#### TASK GOAL
Exact transcript, pictures excluded: write out every record below.

#### PROVIDED RECORDS
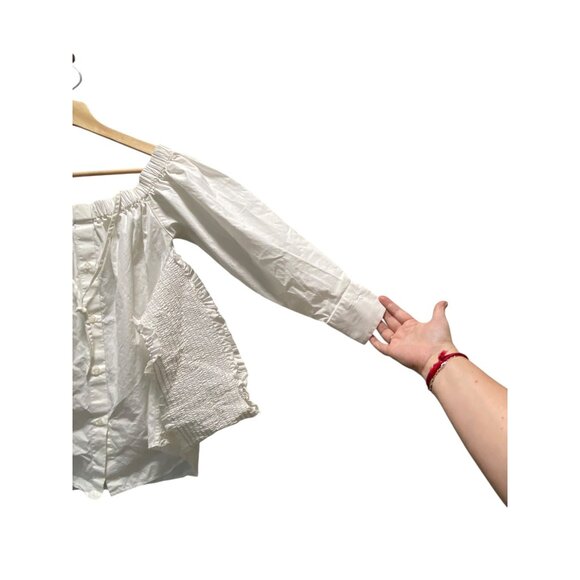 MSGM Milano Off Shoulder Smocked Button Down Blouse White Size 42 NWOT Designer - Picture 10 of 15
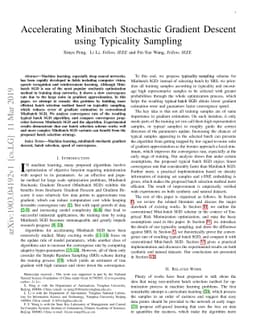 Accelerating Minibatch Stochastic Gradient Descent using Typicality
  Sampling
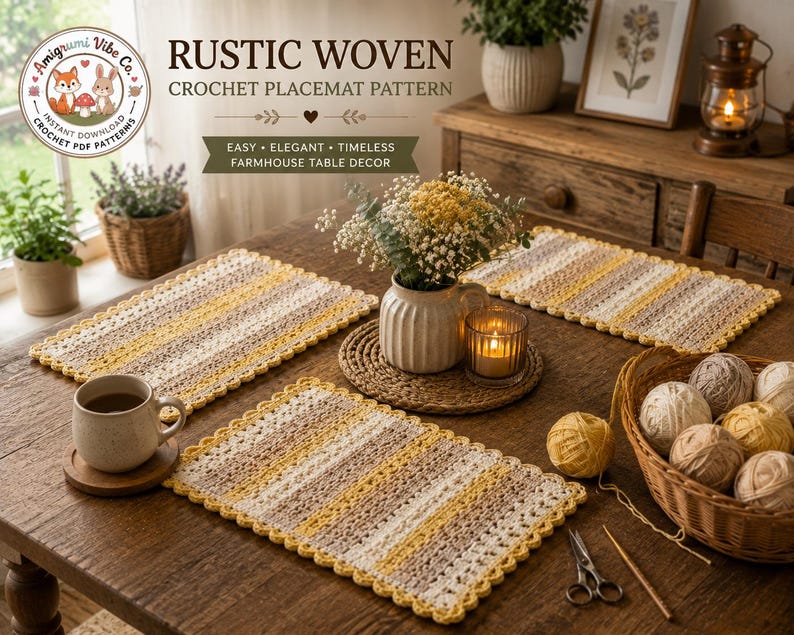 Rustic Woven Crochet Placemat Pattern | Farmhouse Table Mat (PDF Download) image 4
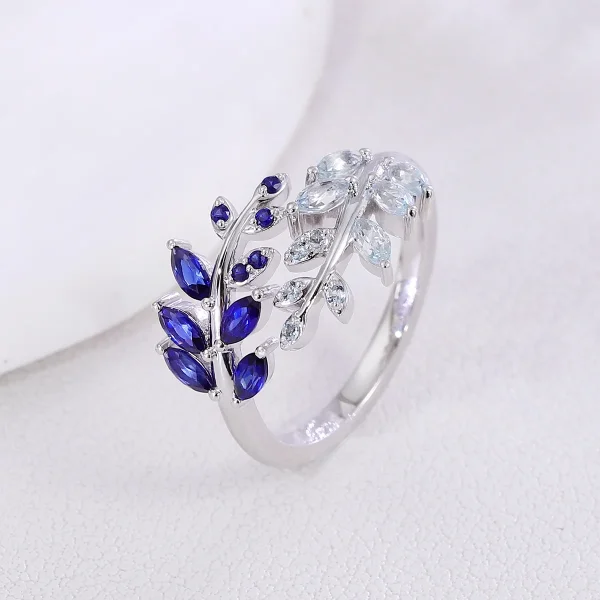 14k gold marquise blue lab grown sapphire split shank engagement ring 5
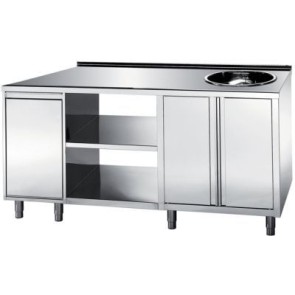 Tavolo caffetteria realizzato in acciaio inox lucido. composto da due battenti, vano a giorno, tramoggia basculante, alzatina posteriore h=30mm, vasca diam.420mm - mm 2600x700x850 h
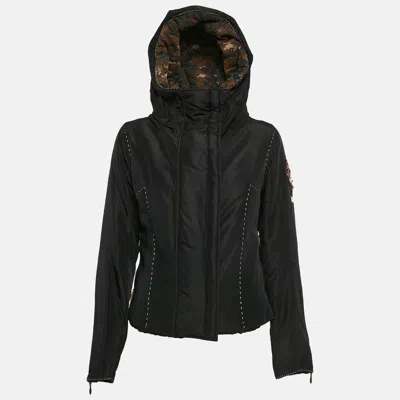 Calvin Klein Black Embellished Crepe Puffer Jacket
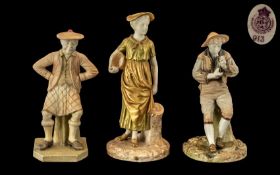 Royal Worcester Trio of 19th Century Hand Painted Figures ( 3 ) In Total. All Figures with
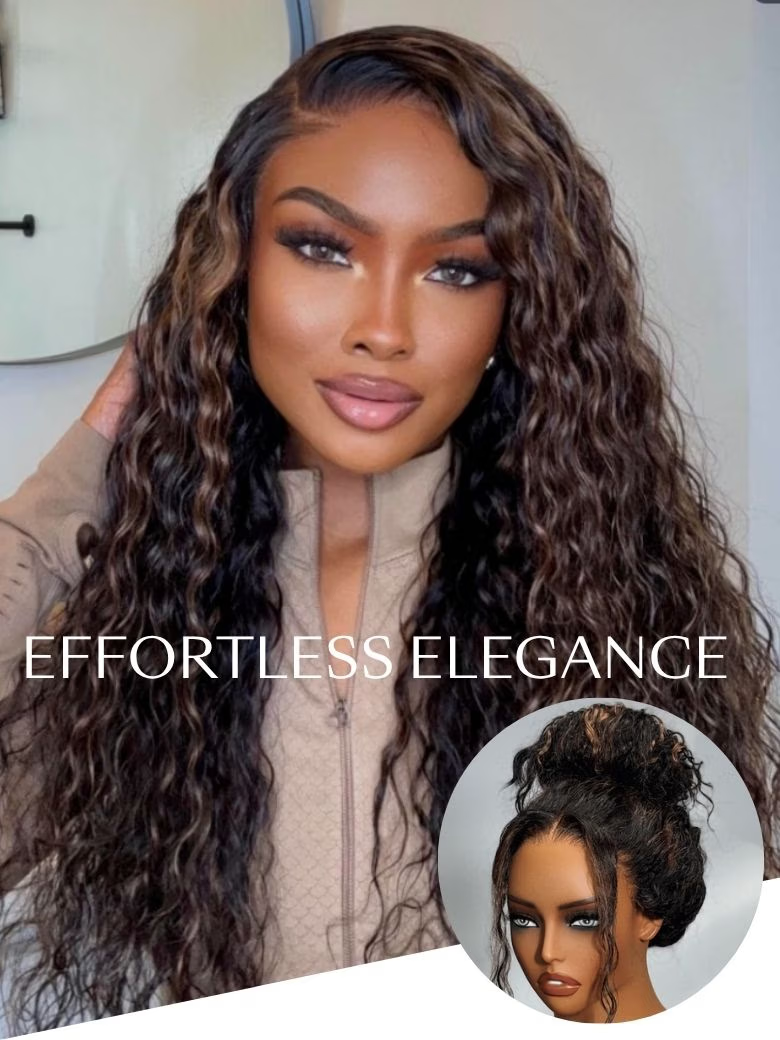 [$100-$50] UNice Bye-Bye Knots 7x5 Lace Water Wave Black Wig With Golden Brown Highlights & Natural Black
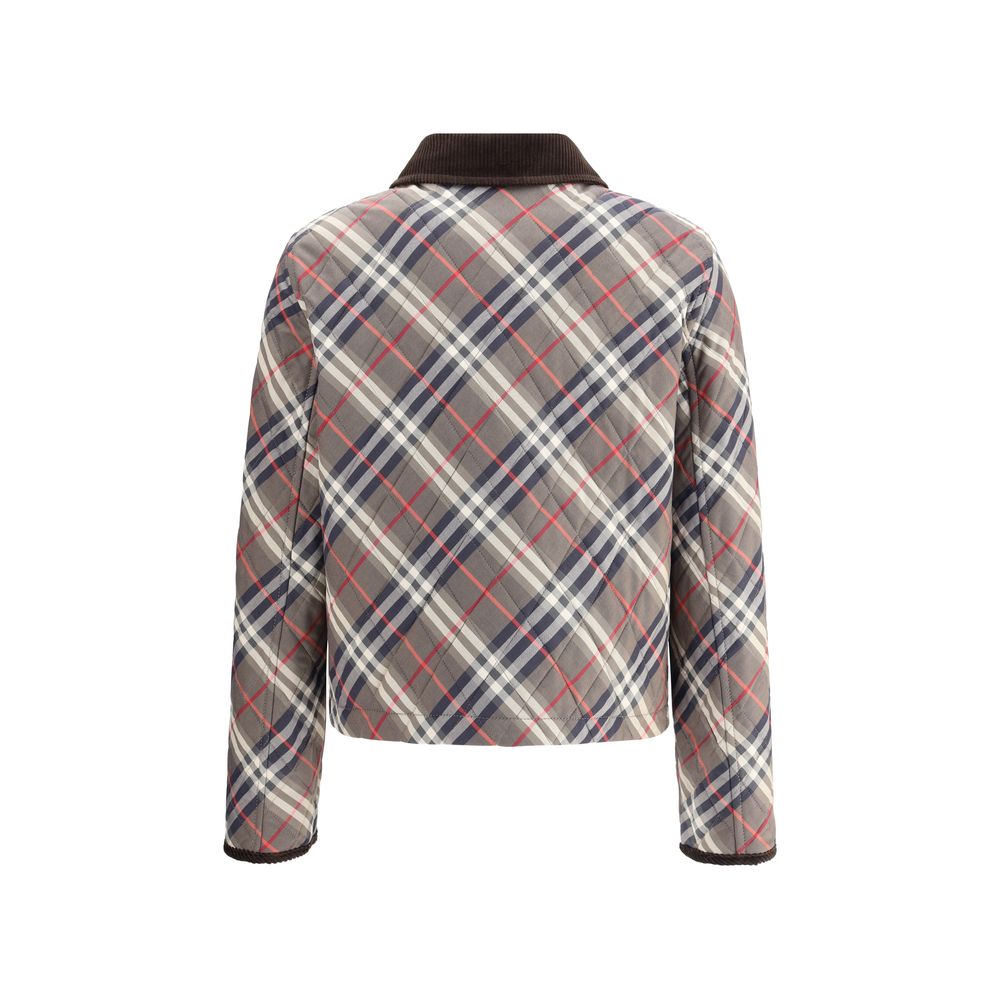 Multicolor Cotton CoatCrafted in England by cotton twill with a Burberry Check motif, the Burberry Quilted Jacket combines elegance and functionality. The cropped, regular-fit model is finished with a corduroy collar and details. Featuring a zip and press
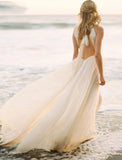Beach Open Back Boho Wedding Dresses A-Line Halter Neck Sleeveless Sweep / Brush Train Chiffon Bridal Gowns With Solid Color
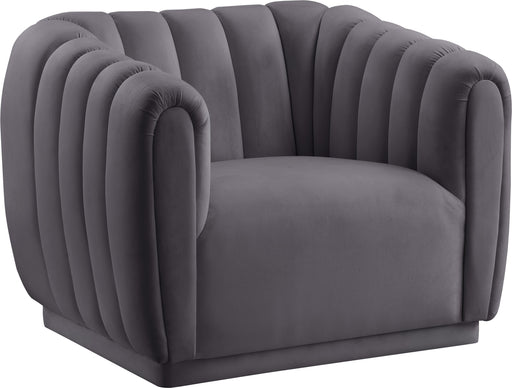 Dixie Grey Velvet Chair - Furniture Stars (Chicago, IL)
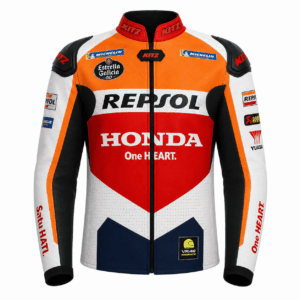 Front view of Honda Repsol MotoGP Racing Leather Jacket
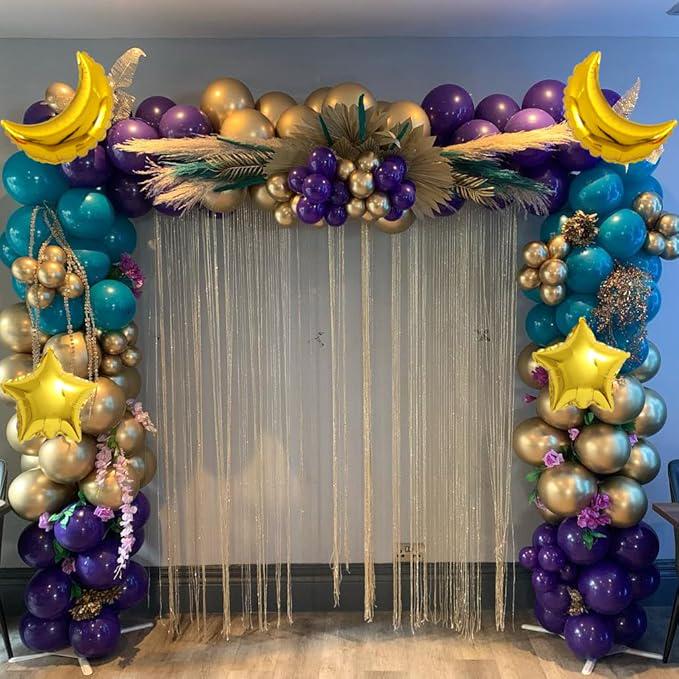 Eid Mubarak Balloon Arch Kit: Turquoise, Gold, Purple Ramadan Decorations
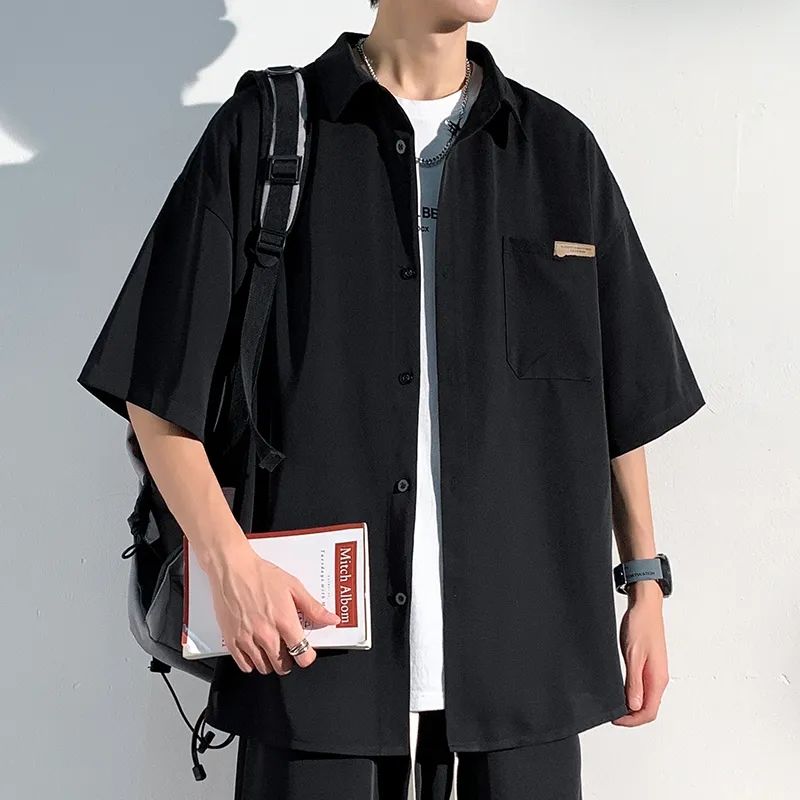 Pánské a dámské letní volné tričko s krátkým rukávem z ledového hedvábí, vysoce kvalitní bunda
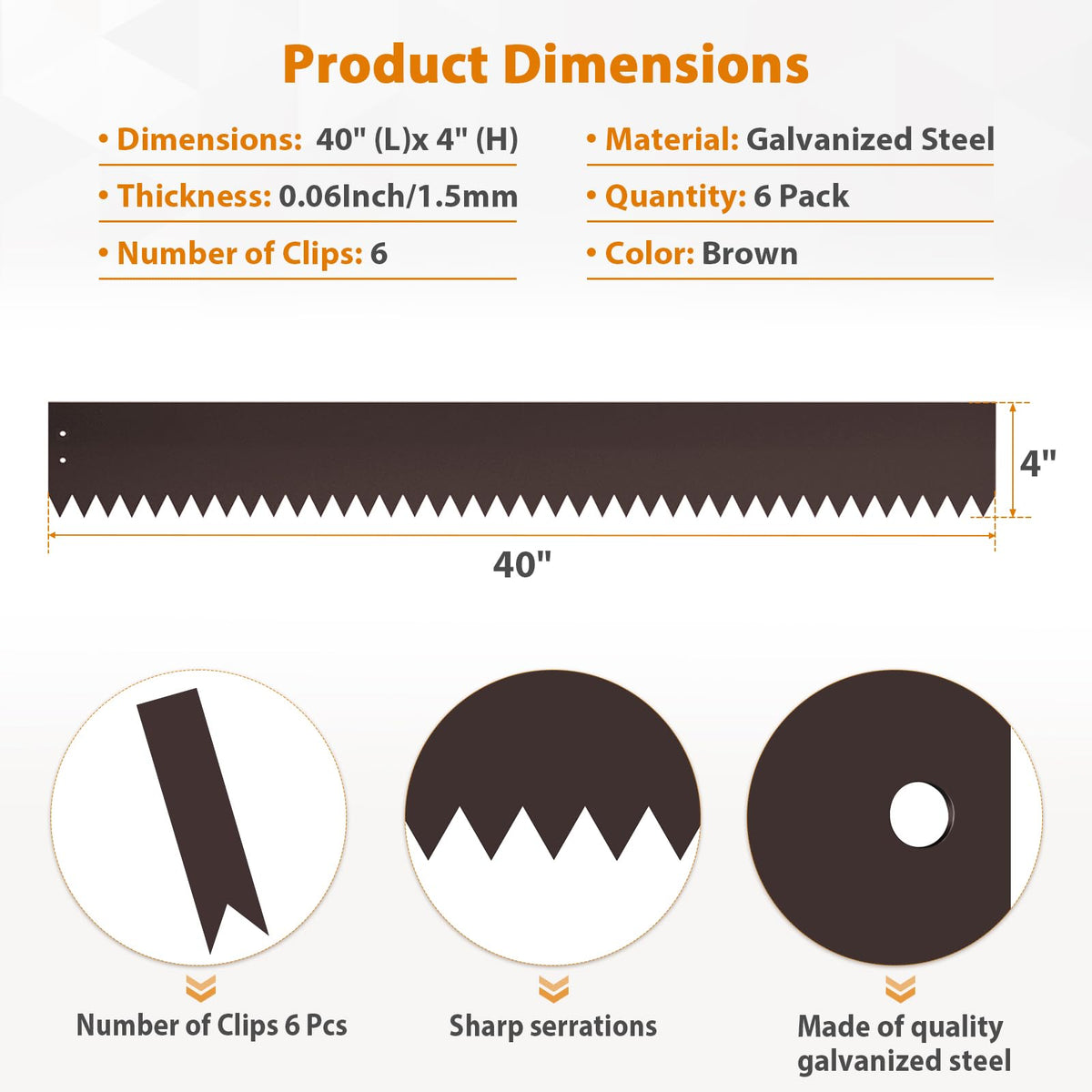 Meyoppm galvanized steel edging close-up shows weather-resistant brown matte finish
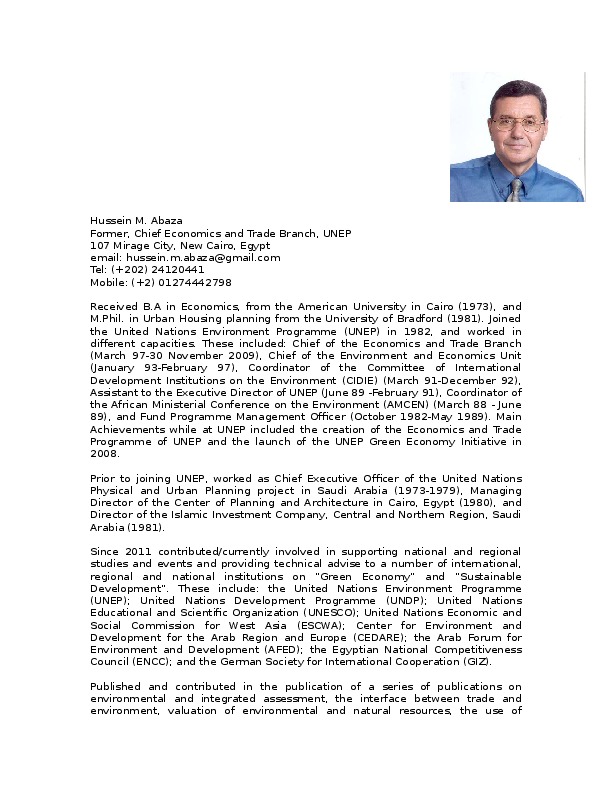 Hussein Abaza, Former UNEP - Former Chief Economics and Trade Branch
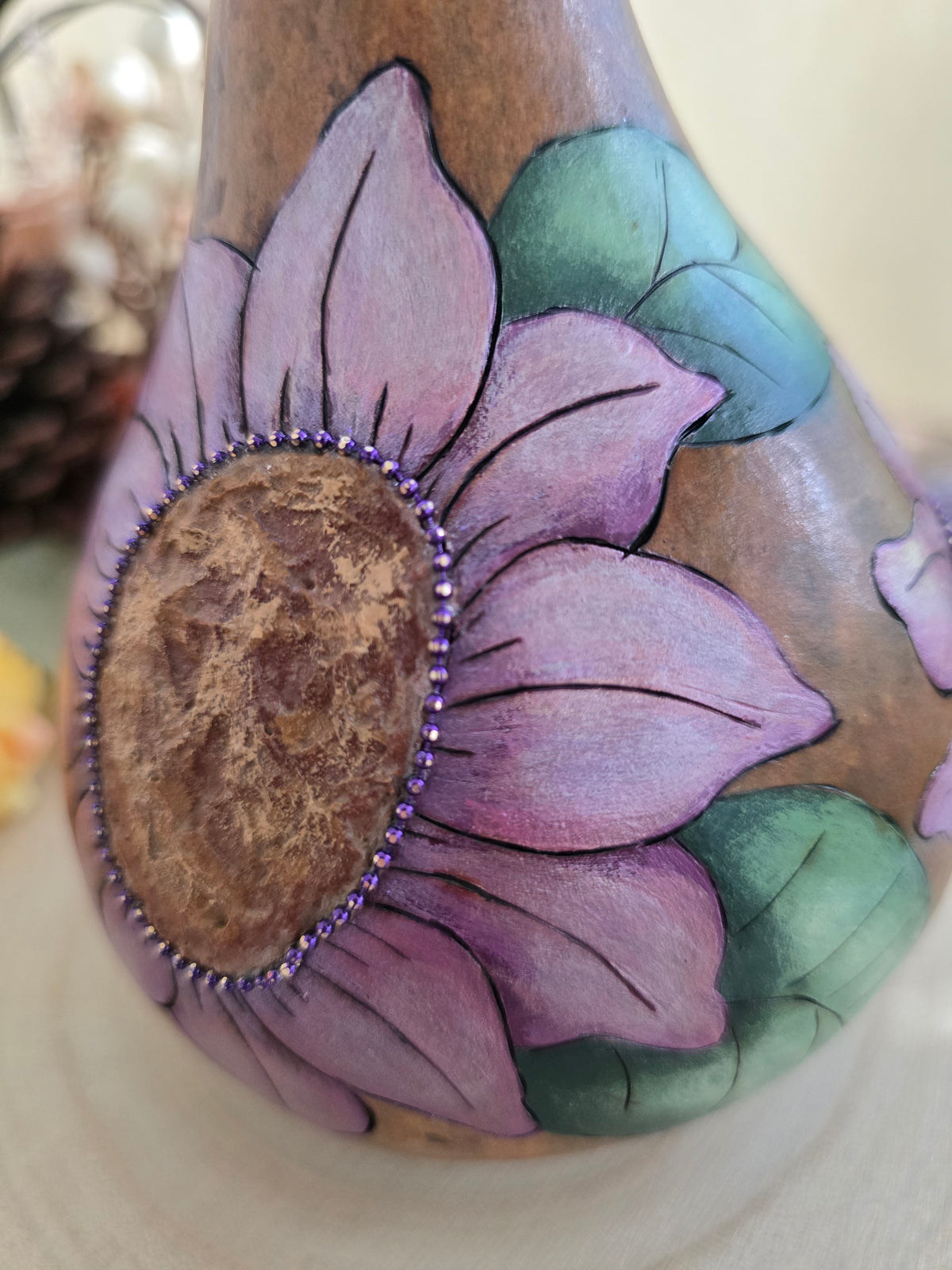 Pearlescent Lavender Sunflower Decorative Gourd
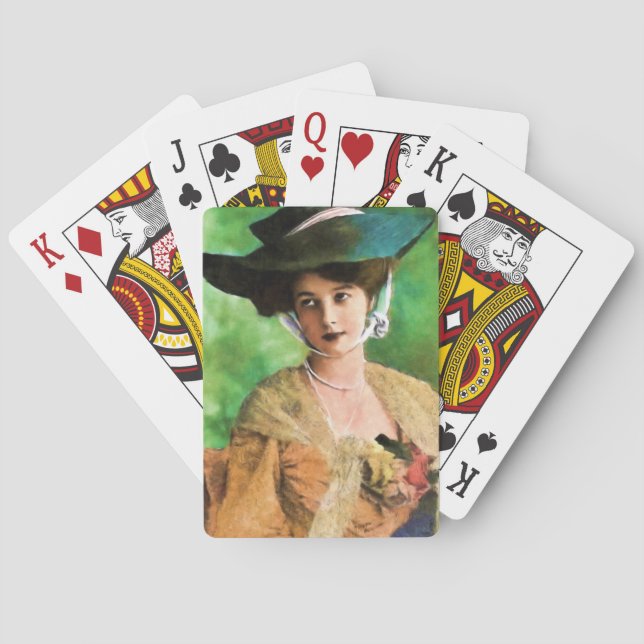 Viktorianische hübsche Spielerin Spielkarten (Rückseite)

#### OUTPUT FOR THIS TASK
 MSGM Milano Off Shoulder Smocked Button Down Blouse White Size 42 NWOT Designer - Picture 10 of 15
 Accelerating Minibatch Stochastic Gradient Descent using Typicality
  Sampling
 Rustic Woven Crochet Placemat Pattern | Farmhouse Table Mat (PDF Download) image 4
 14k gold marquise blue lab grown sapphire split shank engagement ring 5
 Tavolo caffetteria realizzato in acciaio inox lucido. composto da due battenti, vano a giorno, tramoggia basculante, alzatina posteriore h=30mm, vasca diam.420mm - mm 2600x700x850 h
 Calvin Klein Black Embellished Crepe Puffer Jacket
 Royal Worcester Trio of 19th Century Hand Painted Figures ( 3 ) In Total. All Figures with
 [$100-$50] UNice Bye-Bye Knots 7x5 Lace Water Wave Black Wig With Golden Brown Highlights & Natural Black
 Multicolor Cotton CoatCrafted in England by cotton twill with a Burberry Check motif, the Burberry Quilted Jacket combines elegance and functionality. The cropped, regular-fit model is finished with a corduroy collar and details. Featuring a zip and press
Beach Open Back Boho Wedding Dresses A-Line Halter Neck Sleeveless Sweep / Brush Train Chiffon Bridal Gowns With Solid Color
 Dixie Grey Velvet Chair - Furniture Stars (Chicago, IL)
 Front view of Honda Repsol MotoGP Racing Leather Jacket
 Eid Mubarak Balloon Arch Kit: Turquoise, Gold, Purple Ramadan Decorations
 Pánské a dámské letní volné tričko s krátkým rukávem z ledového hedvábí, vysoce kvalitní bunda
 Meyoppm galvanized steel edging close-up shows weather-resistant brown matte finish
 Hussein Abaza, Former UNEP - Former Chief Economics and Trade Branch
 Pearlescent Lavender Sunflower Decorative Gourd
 Viktorianische hübsche Spielerin Spielkarten (Rückseite)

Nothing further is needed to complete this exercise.